(Brief descriptive captions)
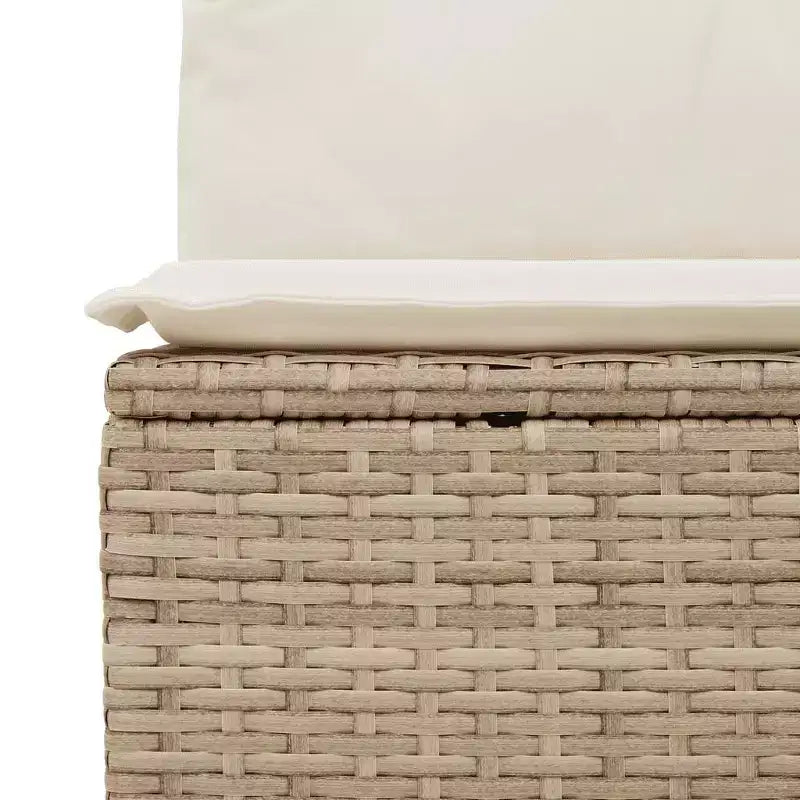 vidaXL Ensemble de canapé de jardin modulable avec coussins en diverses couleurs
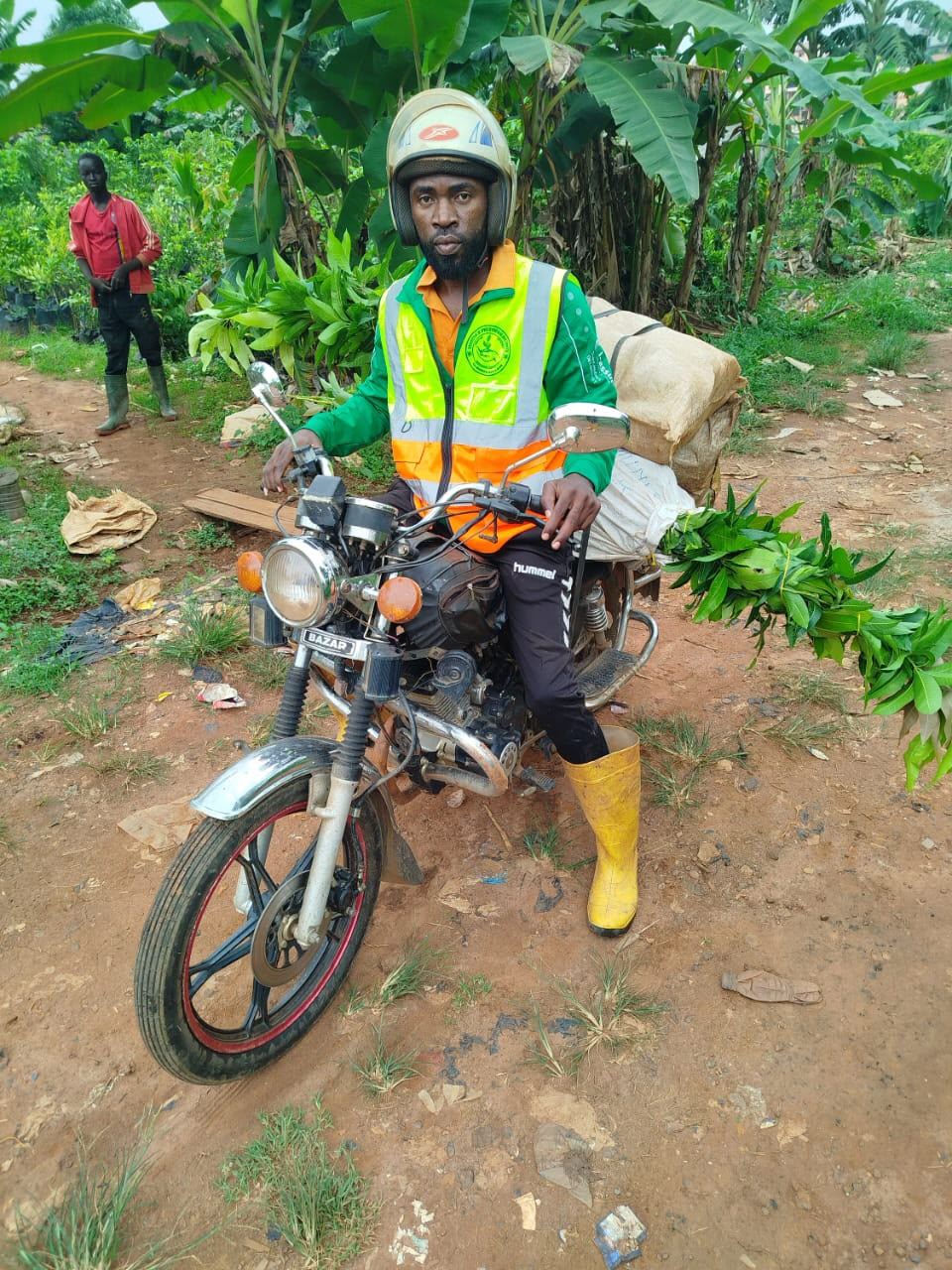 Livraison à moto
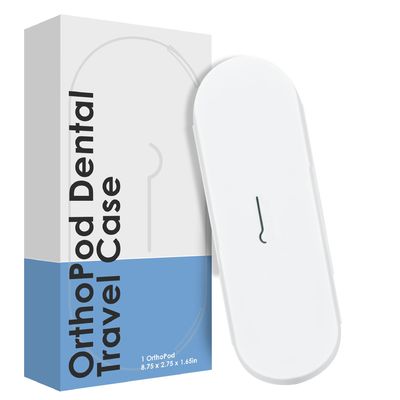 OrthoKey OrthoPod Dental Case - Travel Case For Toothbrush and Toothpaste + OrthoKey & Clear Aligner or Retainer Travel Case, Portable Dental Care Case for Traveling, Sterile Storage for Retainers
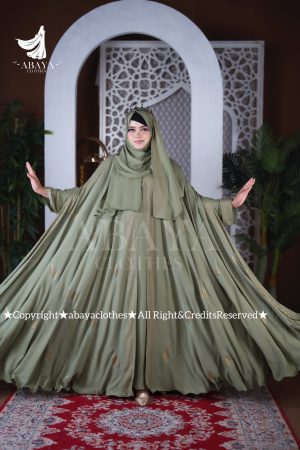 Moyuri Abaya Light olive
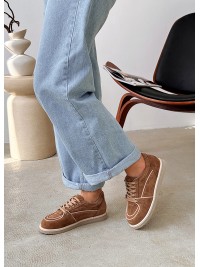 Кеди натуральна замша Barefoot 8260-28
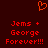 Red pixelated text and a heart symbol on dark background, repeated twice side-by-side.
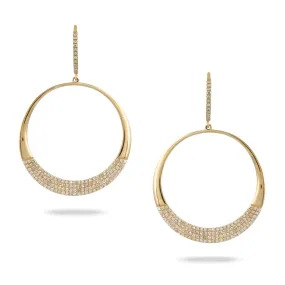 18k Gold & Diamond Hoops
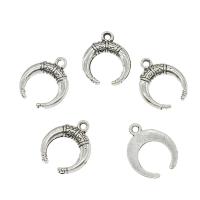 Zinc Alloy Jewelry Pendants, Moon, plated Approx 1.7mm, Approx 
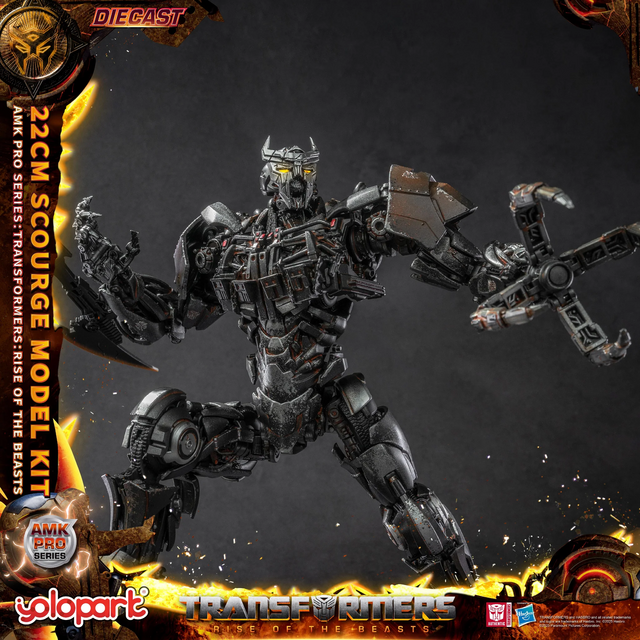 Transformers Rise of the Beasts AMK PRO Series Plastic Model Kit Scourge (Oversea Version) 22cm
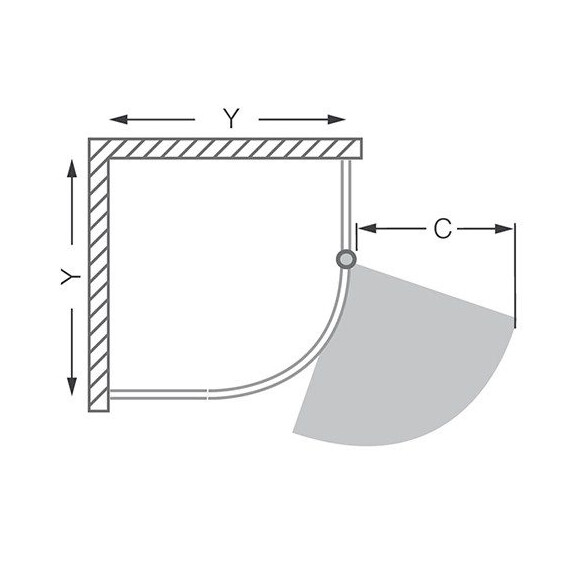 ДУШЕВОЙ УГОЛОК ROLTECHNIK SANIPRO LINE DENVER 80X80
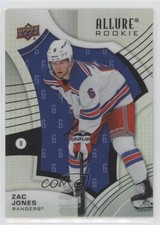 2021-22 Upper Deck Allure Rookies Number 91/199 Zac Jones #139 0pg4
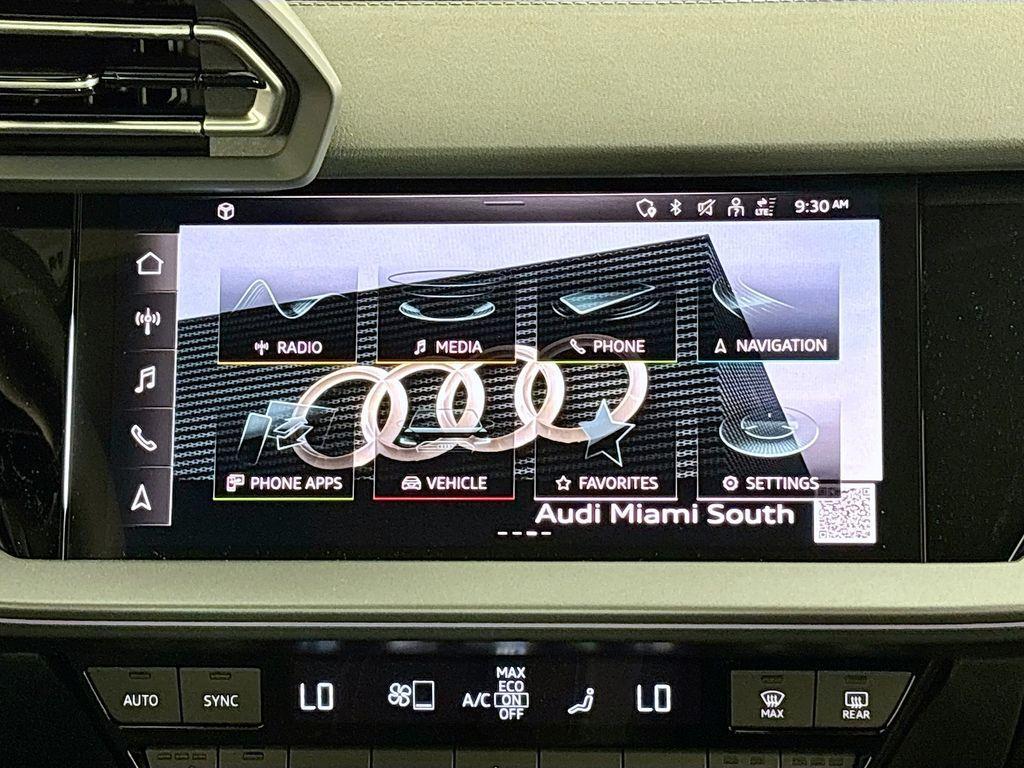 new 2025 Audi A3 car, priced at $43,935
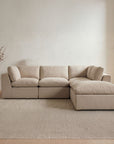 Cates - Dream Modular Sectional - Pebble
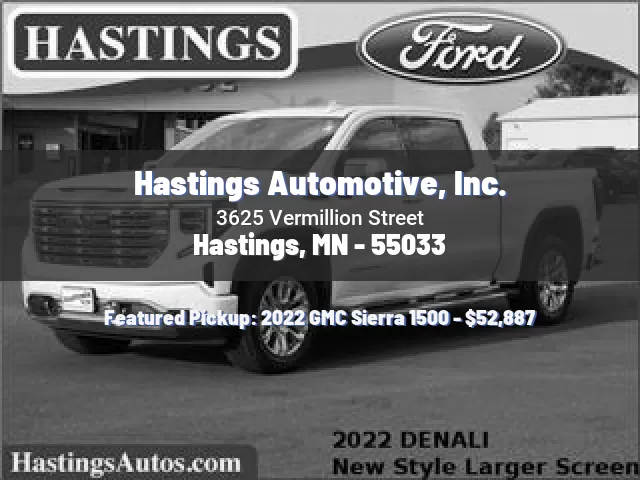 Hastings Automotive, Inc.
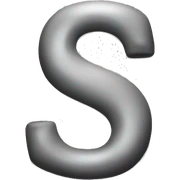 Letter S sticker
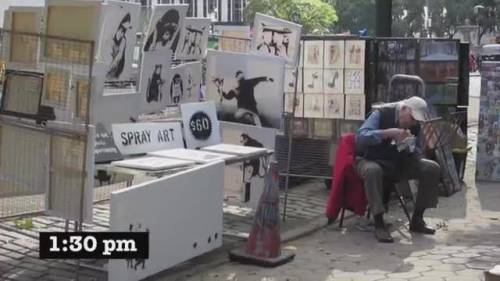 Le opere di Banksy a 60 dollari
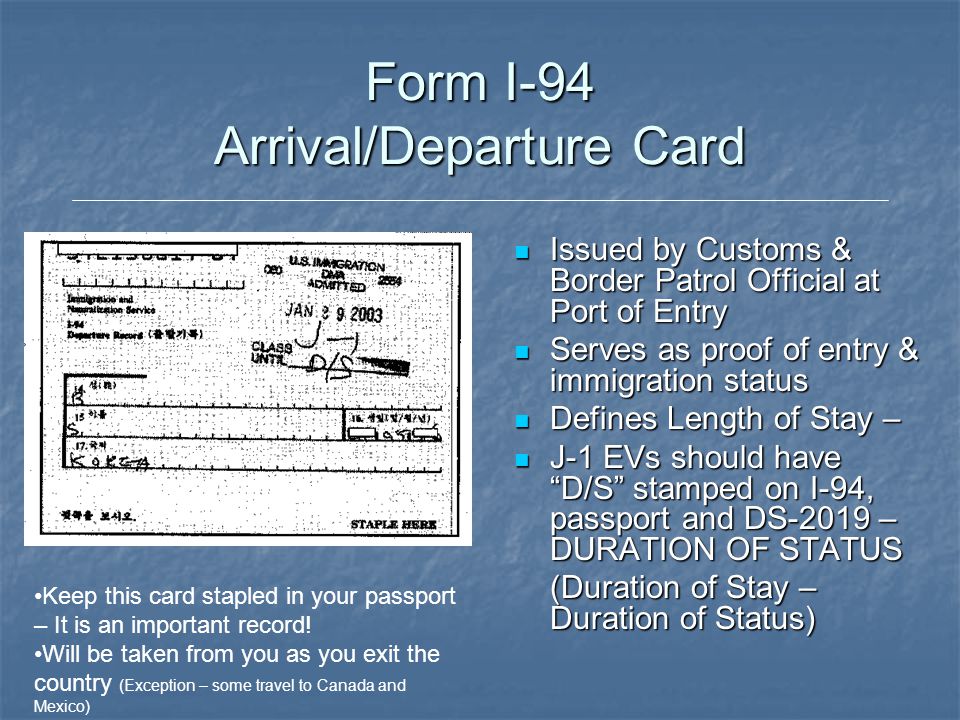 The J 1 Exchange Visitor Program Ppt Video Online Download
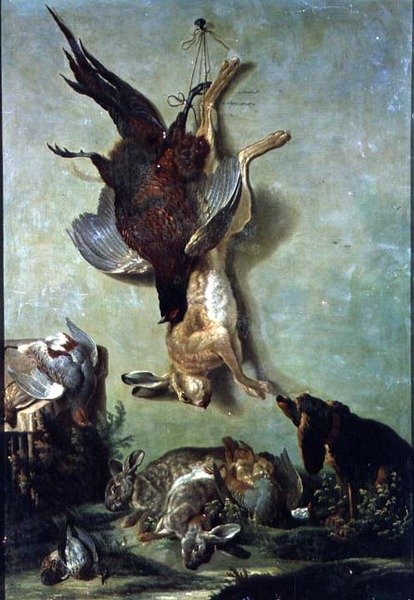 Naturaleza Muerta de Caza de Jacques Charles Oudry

→ Problem to solve: In the records above, locate the line containing "Cates - Dream Modular Sectional - Pebble", then copy exactly that line and every line after it through the end, omitting pictures.

→ Task response:
 Cates - Dream Modular Sectional - Pebble
 Hastings Automotive, Inc.
 Letter S sticker
 Le opere di Banksy a 60 dollari
 The J 1 Exchange Visitor Program Ppt Video Online Download
 Naturaleza Muerta de Caza de Jacques Charles Oudry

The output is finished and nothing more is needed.